COLUMBUS, Ohio — It's been five years since Ohio has executed its death penalty. Gov. Mike DeWine delayed executions due to limited access of the drug used for the lethal injection. But Ohio prosecutors are looking to resume executions through alternative methods.
"We just want to find a pathway forward for the victims of these crimes," said Louis Tobin, the executive director of Ohio Prosecuting Attorneys Association.
Tobin said Ohio needs to continue its using the death penalty to provide proper justice. He said if there is a shortage of the drug needed for the lethal injection, Ohio can use nitrogen hypoxia.
"Filings by the defense bar and federal death penalty pleadings and in (the) Supreme Court of Ohio pleadings have acknowledged that it would be a painless method of execution," Tobin said.

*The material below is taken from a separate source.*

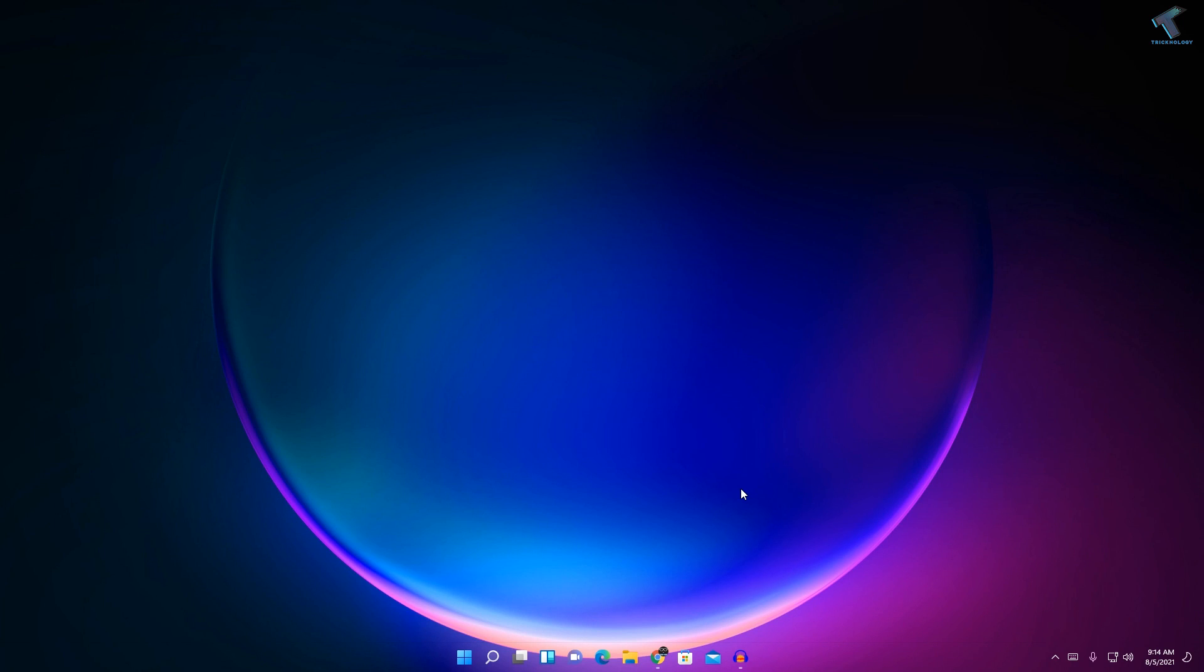Hey guys, welcome back to my channel Technology. In today's video tutorial, I will show you how to remove or disable widgets from your taskbar. Just follow me and I'll show you two ways by which you can remove or disable widgets from your taskbar.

The process of nitrogen hypoxia works by removing oxygen and letting a person die by inhaling nitrogen gas. But access to the drug is not the only factor, and not everyone agrees with the death penalty. The Rev. Dr. Jack Sullivan, Jr. from the Ohio Council of Churches said capital punishment is immoral.
"Holding someone down," Sullivan said, "and strapping them down to fill their veins with toxins is not humane."
Sullivan applauds prosecutors for wanting to bring justice to the victims of people who are put on death row. However, he said there is always another option.
"I think the public supports life in prison for those persons," Sullivan said, "which, according to records, is more a cheaper way to go than the execution visit itself."
According to the Department of Rehabilitation and Corrections, it costs roughly $37,000 per year to house an inmate. That's compared to $1 to $3 million per person for a lethal injection, according to a study by the Ohio Legislative Service Commission.
"Somebody who murders one young child is already facing that possibility without a death penalty," Tobin said, "and without the additional accountability that it provides, you're allowing them to kill the second and third child for free. They're free kills. So the death penalty is what justice demands sometimes. Either we're going to be a state that prioritizes public safety and prioritizes the victims of crime or we're not."
In response to the Ohio Prosecuting Attorneys Association proposal, the governor’s office said only the Ohio General Assembly can change the methods for applying the death penalty.